Google+ Followers

woensdag 25 december 2013

Why I like PostgreSQL more than MySQL: XML support

PostgreSQL has native XML support. it can store XML documents in a true XML datatype, it can query XML documents using XPATH and it can generate XML documents from tabledata.

How does this help you in real life?

The one area where most of us are forced to deal with XML is a webshop that uses a fullfillment company. All the data about orders and stockupdates are sent back and forth using XML documents. PostgreSQL's XML support makes processing these messages into your database a breeze.

The following example uses a table to store incoming XML documents and a triggered stored function to process their content into a regular table.

DROP FUNCTION IF EXISTS fnc_process_xml() CASCADE;
DROP TABLE IF EXISTS product_history CASCADE;
DROP TABLE IF EXISTS xml_storage CASCADE;

CREATE TABLE xml_storage (id SERIAL, xmldata XML);
CREATE TABLE product_history (product_id INTEGER, eventtype VARCHAR(100), eventdate TIMESTAMP, quantity INTEGER);
CREATE FUNCTION fnc_process_xml() RETURNS TRIGGER AS
$$
BEGIN
INSERT INTO product_history (product_id, eventtype, quantity, eventdate)
SELECT unnest(xpath('/productdata/products/product/id/text()', NEW.xmldata))::text::integer
,unnest(xpath('/productdata/products/product/event/text()', NEW.xmldata))::text
,unnest(xpath('/productdata/products/product/quantity/text()', NEW.xmldata))::text::integer
,TO_TIMESTAMP((xpath('/productdata/@date', NEW.xmldata))[1]::text,'YYYYMMDDHHMISS');
RETURN NEW;
END;
$$
LANGUAGE PLPGSQL;
CREATE TRIGGER tgr_process_xml AFTER INSERT ON xml_storage FOR EACH ROW EXECUTE PROCEDURE fnc_process_xml();

Now you can insert a document into the storage table:

INSERT INTO xml_storage (id, xmldata) VALUES (1, '<productdata date="20131042124415">
<products>
<product><id>4</id><quantity>3</quantity><event>DELIVERY_RECEIVED</event></product>
<product><id>24</id><quantity>-2</quantity><event>SALE</event></product>
</products></productdata>'::XML);
INSERT INTO product_history (product_id, eventtype, quantity, eventdate)
SELECT unnest(xpath('/productdata/products/product/id/text()', xmldata))::text::integer
,unnest(xpath('/productdata/products/product/event/text()', xmldata))::text
,unnest(xpath('/productdata/products/product/quantity/text()', xmldata))::text::integer
,TO_TIMESTAMP((xpath('/productdata/@date', xmldata))[1]::text,'YYYYMMDDHHMISS')
FROM xml_storage;

And presto: the data ends up in the product_history table.

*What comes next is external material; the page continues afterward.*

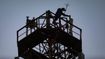 Bhopal Power Cut On May 11: Over 45 Areas To Face Scheduled Electricity Outage Due To Maintenance Work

Generating the outgoing XML is also quite simple. This example puts out a simplified XML for a few orders:

DROP TABLE IF EXISTS orders;
CREATE TABLE  ORDERS (order_nr INTEGER, product_id INTEGER, quantity INTEGER, unit_price NUMERIC(8,2), total_price NUMERIC(8,2));
INSERT INTO orders (order_nr, product_id, quantity, unit_price, total_price)
VALUES (1, 3, 1, 2.40,  2.40), (1, 55, 2, 4.00, 8.00), (2, 150, 1, 14.00, 14.00);
WITH tmp_orderxmls AS (
SELECT XMLELEMENT(NAME SALES_ORDER
, XMLATTRIBUTES(order_nr AS NUMBER), XMLAGG(XMLELEMENT(NAME orderline
, XMLELEMENT(NAME ARTICLE_NUMBER, product_id)
, XMLELEMENT(NAME QUANTITY, quantity)
, XMLELEMENT(NAME UNIT_PRICE, unit_price)
, XMLELEMENT(NAME TOTAL_PRICE, total_price)
))) AS order_xml
FROM orders
GROUP BY order_nr)
SELECT XMLELEMENT(NAME SALES_ORDERS, XMLATTRIBUTES(TO_CHAR(CURRENT_TIMESTAMP,'YYYY-MM-DD HH:MI:SS') AS MESSAGE_DATE), XMLAGG(tmp_orderxmls.order_xml))
FROM tmp_orderxmls;

If you also include the filename then you can do more fun things like refuse to process the same file twice, or choose different INSERT queries to process different fileformats.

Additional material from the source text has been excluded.